H. Fraudulent Activity. Notwithstanding any other provision of this Agreement, Company shall not be liable to Publisher for any Publisher Payments arising out of activity that is deceptive or fraudulent in nature (“Fraudulent Activity”) and Publisher shall not directly engage in any Fraudulent Activity. Examples of Fraudulent Activity may include, without limitation, (i) activities that are intended to inflate clicks or Advertisement Impressions, (ii) deceptive practices such as purchasing ‘suspicious’ or non-human (computer generated/BOTs) traffic to web pages on the Properties with the intent of inflating pageviews and Advertisement Impressions, (iii) the placement of Advertisements below-the-fold and not within the user’s viewable browser window, (iv) the provision of false lead information or multiple leads from a single individual, (v) the display of any Advertisements in pop-ups, pop-unders, exit windows, expending buttons, animation or other similar methods, (vi) the serving of Advertisements or driving of traffic to such Advertisement, using any downloadable applications or (vii) the placement of Advertisements on unapproved websites, in emails or any other location which has not been approved by Company. Publisher shall take all steps to prevent any Fraudulent Activity. Company shall have sole discretion, and shall exercise good faith in determining whether Fraudulent Activity has occurred. Publisher further agrees to provide full cooperation to Company in any investigation of possible Fraudulent Activity, including reasonable access to Publisher’s access logs and other customer and affiliate information related to such investigation.

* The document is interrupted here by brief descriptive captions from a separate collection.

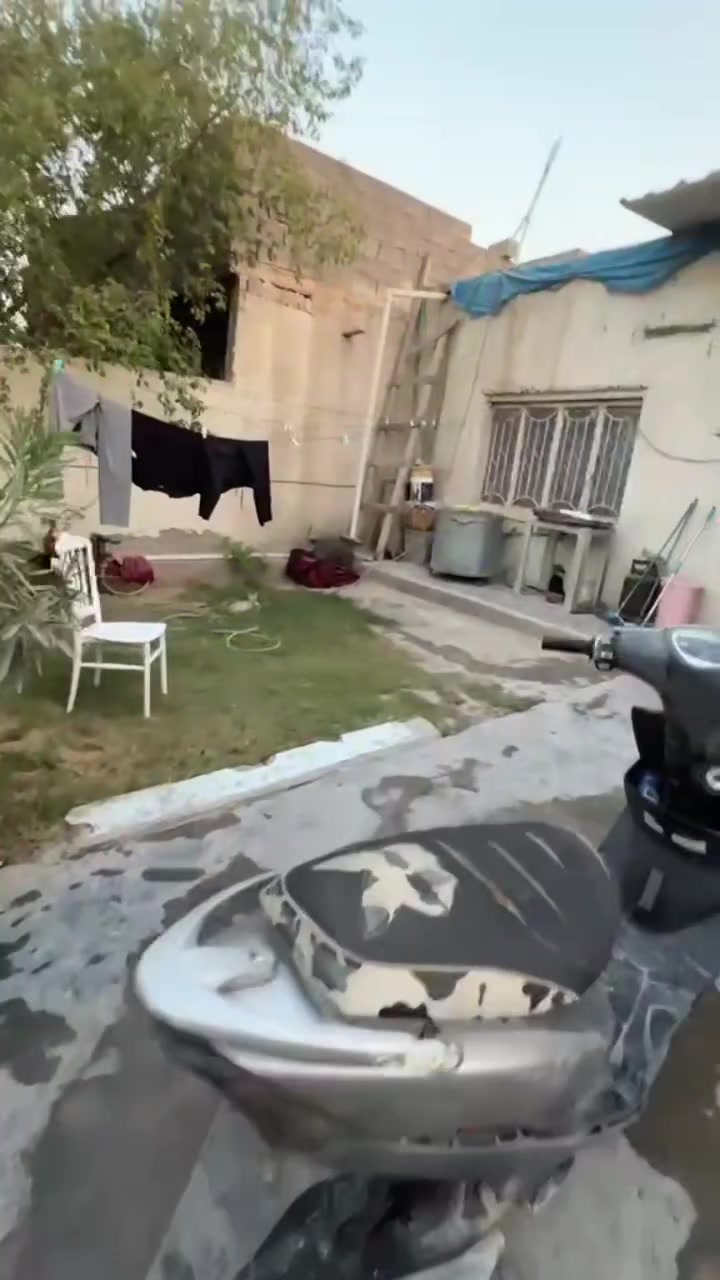 السلام عليكم بيت للبيع المساحة  200م في مجمع فدك  قرب الصبات مال الرئاسة  يحتوي على غرفتين نوم  و صالة و استقبال و مطبخ  السعر خاص للتواصل على هاذة الرقم ***********
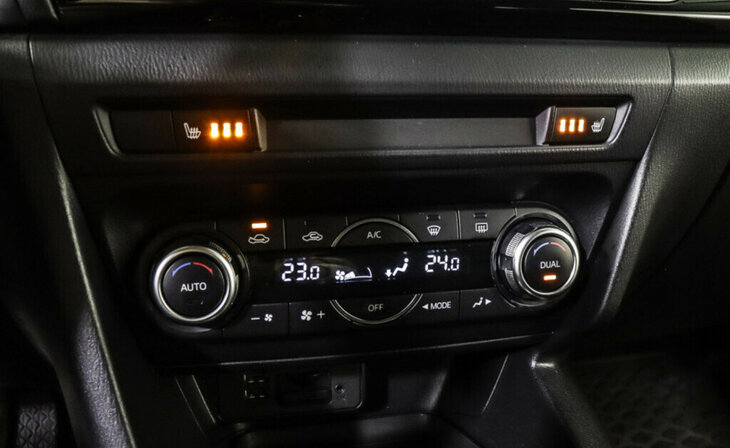 Mazda 3 - Фото 12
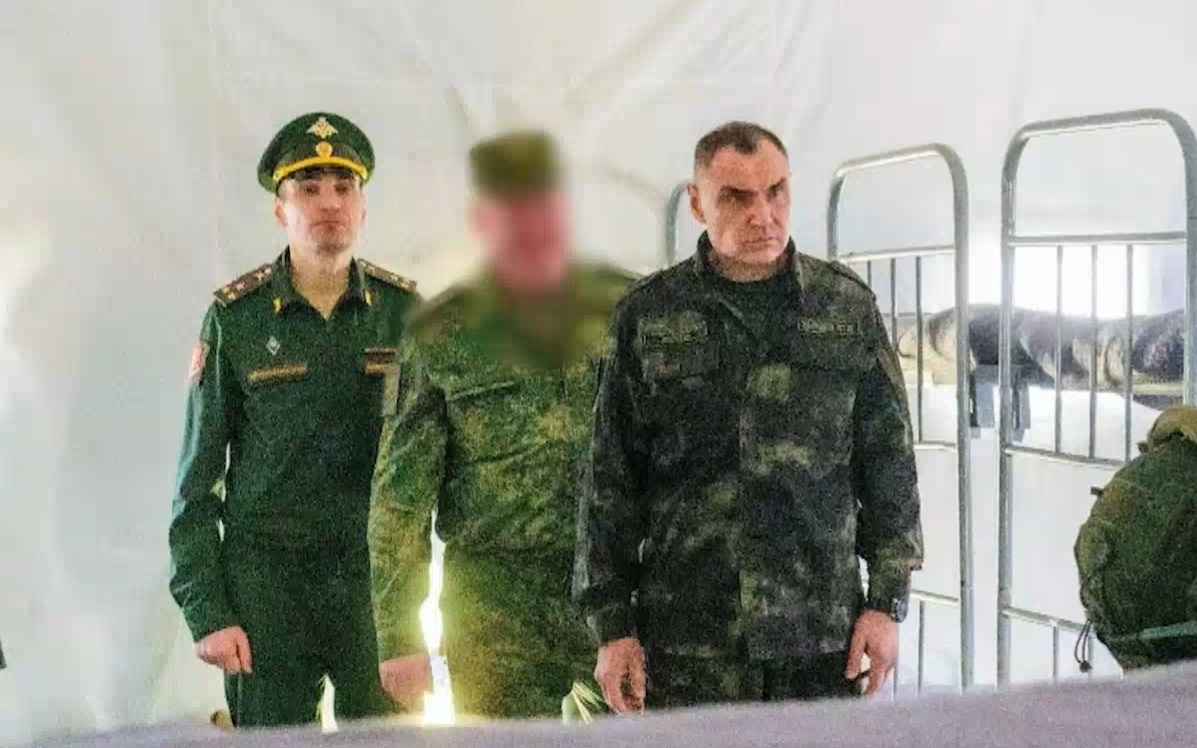 Глава Марий Эл побывал в расположении отряда «БАРС»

I. Non-Solicitation. Publisher agrees that during the Term and for twelve (12) months thereafter, it will not (i) solicit any person who, at any time during the preceding twelve (12) month period, shall have been a salesperson for the Company (provided, however, that the foregoing restriction shall not apply to any such salesperson who responds solely to a general solicitation for employment contained in a newspaper, trade publication or other periodical) or (ii) contact any supplier, customer, or employee of the Company for the purpose of diverting any such supplier, customer or employee from the Company. In the event of a breach of part (i) of this paragraph, each party acknowledges that it would be difficult and impractical to ascertain the damages to the Company, and therefore Publisher agrees that it shall pay to the Company as liquidated damages, and not as a penalty, an amount equal to one hundred percent (100%) of the employee’s annual compensation including salary and bonuses (or such employee’s annual compensation as of the last date of his or her former employment, whichever is greater), which amount constitutes a fair and reasonable estimate of those damages. Publisher waives any right to claim hereafter that such amount is not fair and reasonable under the circumstances. THE PARTIES AGREE THAT AN AWARD OF SAID SUM AS LIQUIDATED DAMAGES SHALL BE IN LIEU OF ANY OTHER RELIEF TO WHICH THE COMPANY MIGHT BE ENTITLED BY VIRTUE OF THE BREACH PART (i) OF THIS SECTION AND SHALL BE THE COMPANY’S SOLE AND EXCLUSIVE REMEDY SOLELY WITH RESPECT TO A BREACH PART (i) OF THIS SECTION. THE PARTIES AGREE THAT THIS PROVISION IS INTENDED TO COMPLY WITH CALIFORNIA CIVIL CODE SECTION 1671, ET. SEQ. The parties further agree that the parties’ agreement to liquidate damages under this section relates to a breach of part (i) only and not on account of a breach of part (ii), in which case the Company may seek any and all available damages from the Publisher.
6. COMPANY’S OBLIGATIONS
A. Advertisement Content. Company will request that Advertisers cause all Advertisements not to contain, or contain links to, any Objectionable Content. Publisher recognizes and agrees that Company does not control the content of Advertisements and that if Publisher in good faith believes that an Advertisement contains Objectionable Content, Publisher’s sole recourse shall be to advise Company and Company, Publisher and the Advertiser shall cooperate to remove the Objectionable Content.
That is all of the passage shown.